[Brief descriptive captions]
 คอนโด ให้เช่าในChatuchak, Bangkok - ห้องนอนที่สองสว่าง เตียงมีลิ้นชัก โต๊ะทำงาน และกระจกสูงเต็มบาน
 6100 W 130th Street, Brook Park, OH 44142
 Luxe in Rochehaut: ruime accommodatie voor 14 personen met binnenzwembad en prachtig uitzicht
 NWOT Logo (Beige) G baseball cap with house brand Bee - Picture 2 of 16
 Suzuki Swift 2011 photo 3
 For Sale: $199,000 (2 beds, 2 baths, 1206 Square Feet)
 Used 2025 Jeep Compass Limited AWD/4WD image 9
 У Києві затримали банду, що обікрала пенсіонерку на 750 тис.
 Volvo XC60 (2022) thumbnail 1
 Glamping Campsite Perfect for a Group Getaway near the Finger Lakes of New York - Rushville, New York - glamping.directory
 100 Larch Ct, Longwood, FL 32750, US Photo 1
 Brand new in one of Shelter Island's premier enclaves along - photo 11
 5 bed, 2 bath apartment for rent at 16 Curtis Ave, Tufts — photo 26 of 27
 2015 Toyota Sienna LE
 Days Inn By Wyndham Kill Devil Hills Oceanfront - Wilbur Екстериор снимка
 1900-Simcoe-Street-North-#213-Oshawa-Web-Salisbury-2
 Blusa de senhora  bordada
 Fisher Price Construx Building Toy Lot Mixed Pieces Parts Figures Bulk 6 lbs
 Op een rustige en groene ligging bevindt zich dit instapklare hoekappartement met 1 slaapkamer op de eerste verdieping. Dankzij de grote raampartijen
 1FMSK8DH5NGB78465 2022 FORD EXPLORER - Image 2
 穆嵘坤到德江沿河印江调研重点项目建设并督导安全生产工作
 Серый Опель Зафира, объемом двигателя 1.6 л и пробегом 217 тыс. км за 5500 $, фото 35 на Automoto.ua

#### Work required
Leaving nothing out, print each line above exactly.

#### Exercise solution
 คอนโด ให้เช่าในChatuchak, Bangkok - ห้องนอนที่สองสว่าง เตียงมีลิ้นชัก โต๊ะทำงาน และกระจกสูงเต็มบาน
 6100 W 130th Street, Brook Park, OH 44142
 Luxe in Rochehaut: ruime accommodatie voor 14 personen met binnenzwembad en prachtig uitzicht
 NWOT Logo (Beige) G baseball cap with house brand Bee - Picture 2 of 16
 Suzuki Swift 2011 photo 3
 For Sale: $199,000 (2 beds, 2 baths, 1206 Square Feet)
 Used 2025 Jeep Compass Limited AWD/4WD image 9
 У Києві затримали банду, що обікрала пенсіонерку на 750 тис.
 Volvo XC60 (2022) thumbnail 1
 Glamping Campsite Perfect for a Group Getaway near the Finger Lakes of New York - Rushville, New York - glamping.directory
 100 Larch Ct, Longwood, FL 32750, US Photo 1
 Brand new in one of Shelter Island's premier enclaves along - photo 11
 5 bed, 2 bath apartment for rent at 16 Curtis Ave, Tufts — photo 26 of 27
 2015 Toyota Sienna LE
 Days Inn By Wyndham Kill Devil Hills Oceanfront - Wilbur Екстериор снимка
 1900-Simcoe-Street-North-#213-Oshawa-Web-Salisbury-2
 Blusa de senhora  bordada
 Fisher Price Construx Building Toy Lot Mixed Pieces Parts Figures Bulk 6 lbs
 Op een rustige en groene ligging bevindt zich dit instapklare hoekappartement met 1 slaapkamer op de eerste verdieping. Dankzij de grote raampartijen
 1FMSK8DH5NGB78465 2022 FORD EXPLORER - Image 2
 穆嵘坤到德江沿河印江调研重点项目建设并督导安全生产工作
 Серый Опель Зафира, объемом двигателя 1.6 л и пробегом 217 тыс. км за 5500 $, фото 35 на Automoto.ua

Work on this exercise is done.